Palin lo miro fijamente, sin comprender todavía. El sentido de lo que le decía su tío llegó de repente, clavándosele en el alma.

—Ya no queda magia en el mundo... —balbució.

—No como la conoces. Puede que haya otra magia. De ti depende descubrirla —le dijo Fizban dulcemente—. Ahora comienza lo que se conocerá en Krynn como la Era de los Mortales. Creo que será la última. La última, la más larga, y, quizá, la mejor. Adiós, hijo mío. Adiós, hija mía. —Fizban les estrechó las manos, y después se volvió hacia Raistlin.

»
Bueno, ¿vienes o no? No dispongo de todo el día, ¿sabes? Tengo que construir otro mundo. Veamos, ¿cómo se hacía? Se cogía un poco de tierra y se mezclaba con una pizca de guano de murciélago...

—Adiós, Palin. Cuida de tus padres. —Raistlin se volvió hacia Usha—. Adiós, Hija de los Irdas. No sólo estuviste a la altura de los tuyos, sino que los redimiste. —Miró de reojo al abatido Palin—. ¿Le has dicho ya la verdad? Creo que eso lo animaría considerablemente.

—Todavía no, pero lo haré —contestó Usha—. Lo prometo, tío —añadió tímidamente.

—Adiós —volvió a decir Raistlin, sonriente.

Apoyándose en el bastón, él y Fizban dieron media vuelta y echaron a andar por el campo, donde yacían los muertos.

—¡Tío! —llamó Palin desesperadamente—. ¡Los dioses se han marchado! ¿Qué haremos ahora que nos hemos quedado solos?

Raistlin se detuvo y miró atrás.

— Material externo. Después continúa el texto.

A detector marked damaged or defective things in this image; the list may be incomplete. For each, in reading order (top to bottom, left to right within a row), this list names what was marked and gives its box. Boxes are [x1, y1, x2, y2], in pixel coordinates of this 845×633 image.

Su piel emitía un tenue brillo metálico a la luz de las nuevas estrellas; sus dorados ojos centellearon.

—No estáis solos, sobrino. Ya lo dijo Steel Brightblade: os tenéis los unos a los otros.

* * *

Palin y Usha se quedaron solos, juntos, en la campiña cercana a Solace, una campiña que, con el paso del tiempo, se consideró sagrada.

En este campo, las gentes de Ansalon se reunieron para construir una tumba de piedra traída desde Thorbardin por un ejército de enanos. Era un mausoleo sencillo, elegante, construido con mármol blanco y obsidiana negra. Alrededor de la tumba los humanos plantaron árboles traídos de Qualinesti y Silvanesti por los elfos, dirigidos por su soberano, el rey Gilthas.

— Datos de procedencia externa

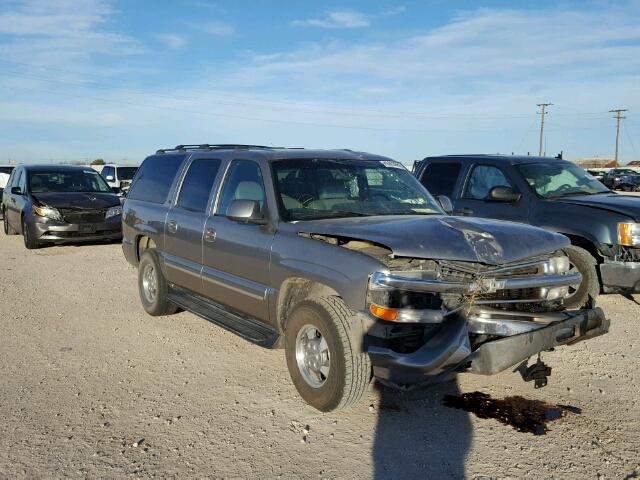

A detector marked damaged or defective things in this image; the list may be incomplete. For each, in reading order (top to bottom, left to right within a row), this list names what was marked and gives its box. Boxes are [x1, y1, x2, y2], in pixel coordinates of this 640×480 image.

damaged suv [121, 144, 608, 410]
damaged front bumper [368, 306, 608, 388] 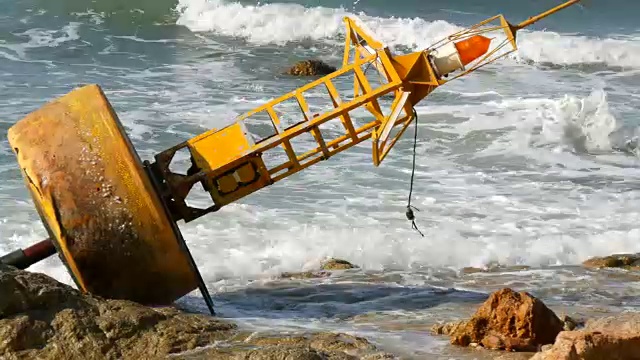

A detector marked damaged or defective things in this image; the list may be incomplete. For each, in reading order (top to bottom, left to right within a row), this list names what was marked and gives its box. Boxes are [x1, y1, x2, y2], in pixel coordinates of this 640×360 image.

corroded metal surface [7, 85, 198, 306]
rusty cylindrical float [6, 84, 214, 312]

Los cuerpos de los Caballeros de Solamnia fueron enterrados dentro de la cripta, al lado de los cuerpos de los Caballeros de Takhisis.

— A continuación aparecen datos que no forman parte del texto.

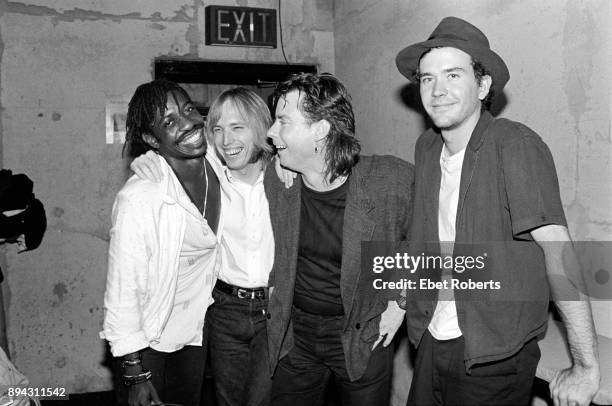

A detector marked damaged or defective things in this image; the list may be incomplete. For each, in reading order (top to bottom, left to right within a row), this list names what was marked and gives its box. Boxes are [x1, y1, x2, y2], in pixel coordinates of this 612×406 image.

cracked wall surface [1, 0, 334, 394]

En el centro, Steel Brightblade descansaba sobre un sepulcro hecho de raro mármol negro. Sostenía la espada de su padre en las manos. En otro sepulcro, tallado en mármol blanco, yacía el cuerpo de Tanis el Semielfo, vestido con ropas verdes y coselete de cuero. A su lado estaba la Vara de Cristal Azul, colocada allí por los hijos de Riverwind y de Goldmoon.

La cripta fue cerrada y sellada con dobles puertas hechas de plata y oro. Los Caballeros de Solamnia hicieron cincelar en una de las hojas una rosa, y en la otra, un lirio. Los nombres de los caballeros fueron grabados en los bloques de piedra.

Pero sobre las puertas se puso sólo un nombre en memoria de uno de los héroes de Ansalon más famosos: Tasslehoff Burrfoot.

Debajo de su nombre, se cinceló una jupak.

La tumba de los Últimos Héroes, se la llamó, y con ella se conmemoró a todos aquellos que habían muerto en la batalla al final de aquel terrible verano.

Lejos de ser un lugar solemne, el mausoleo se convirtió en un sitio bastante alegre, con gran desagrado de los caballeros. Kenders de todos los rincones de Ansalon peregrinaban a este lugar, llevaban a sus hijos y hacían comidas campestres en los terrenos aledaños. Mientras comían, los kenders relataban historias sobre su famoso héroe.

Al cabo de un tiempo —en la siguiente generación, como mucho— resultó que todos los kenders con los que uno se encontraba te mostraban algún objeto interesante, como por ejemplo una cucharilla de plata, y juraban por su copete que poseía todo tipo de poderes maravillosos.